The authors evaluate ADAPT against GCG, BEAST, EPO, and several EPO extensions on a suite of 102 SAE latents spanning three taxonomic axes: activation density, vocabulary diversity, and locality. Three metrics are introduced: (i) Relative Activation – the ratio of a method’s maximal activation to the best activation found by exhaustive dataset search; (ii) Fluency Score – average cross‑entropy under the LLM; (iii) Token Diversity – measured by lexical variety across generated prompts. Across all layers and latent types, ADAPT consistently outperforms baselines, achieving 12–18 % higher relative activation while maintaining comparable fluency. Notably, for highly localized latents that fire on a single token, ADAPT’s middle‑insert capability discovers prompts that place the target token in a semantically appropriate context rather than simply repeating it, a failure mode observed in pure right‑append beam search.

The paper also discusses limitations. The beam‑search initialization can generate a large number of candidates, leading to increased memory consumption, especially for deeper layers where longer prompts are beneficial.

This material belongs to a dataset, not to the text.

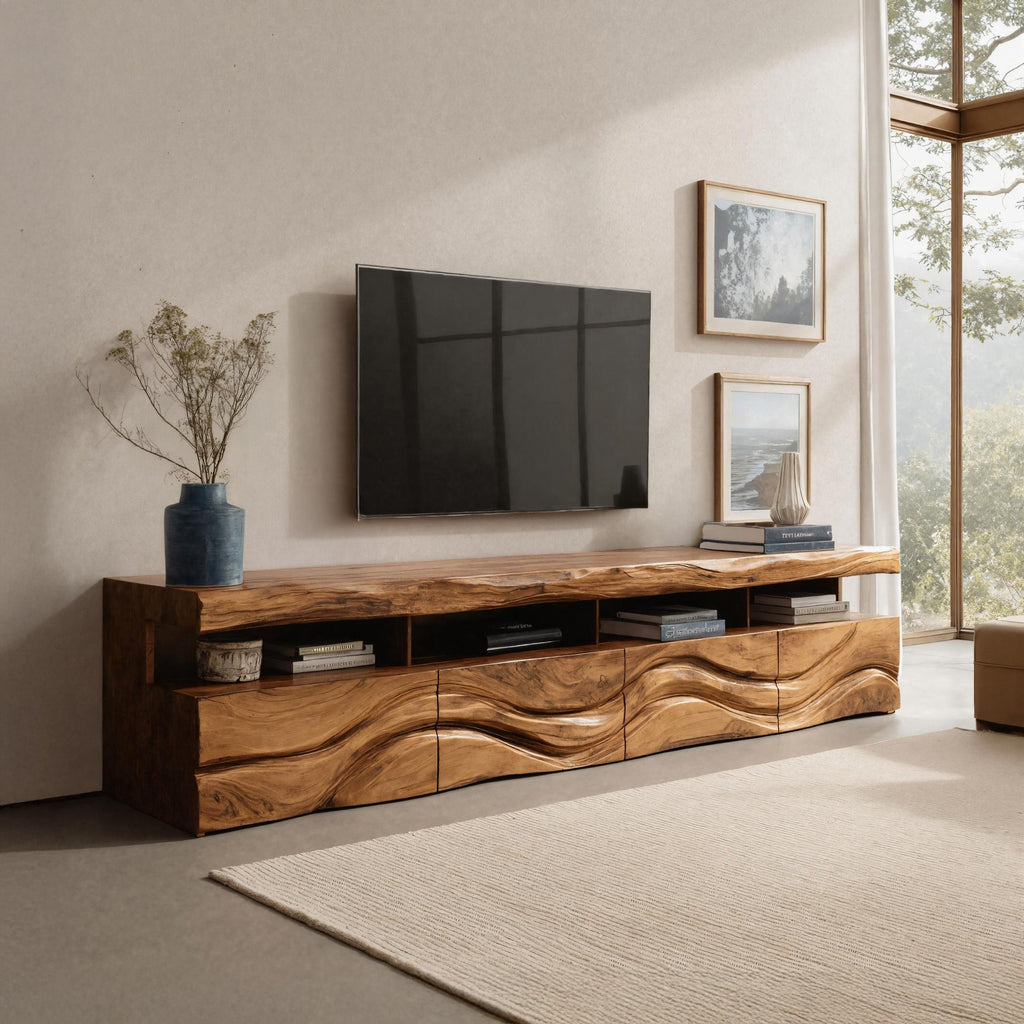 Modern Wave Carved Wood TV Stand For Living Room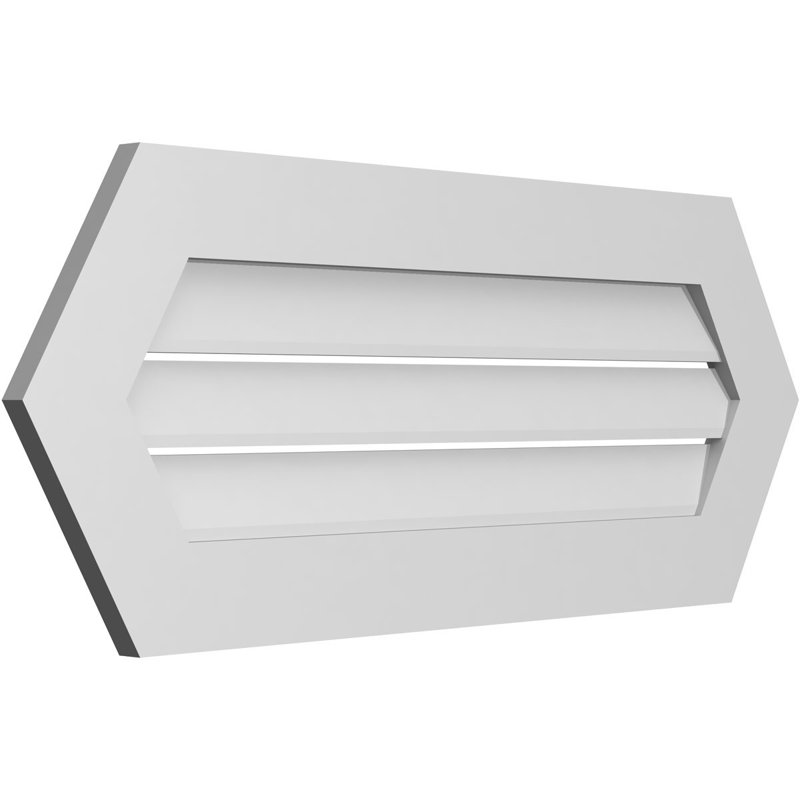 Évent horizontal fonctionnel à pignon en uréthane à surface horizontale Signature, H 16 po x l 40 po x P 1 po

Managing variable‑length prompts requires careful masking and padding, adding implementation complexity. Future work is suggested in three directions: (1) meta‑learning strategies to automatically tune beam size and mutation probabilities; (2) multi‑latent joint optimization where a single prompt is encouraged to activate several related directions simultaneously; (3) dimensionality reduction of the token space (e.g., using learned token embeddings) to shrink the search space without sacrificing expressivity.

In conclusion, ADAPT demonstrates that feature visualization for LLMs is not only feasible but can be made robust and efficient by tailoring the optimization pipeline to the discrete, high‑dimensional nature of text. By combining gradient‑guided swaps, cheap logit‑based mutations, and a diversity‑preserving selection scheme, ADAPT provides a practical tool for probing the semantics of learned latent directions, opening new avenues for interpretability research, model debugging, and controlled generation.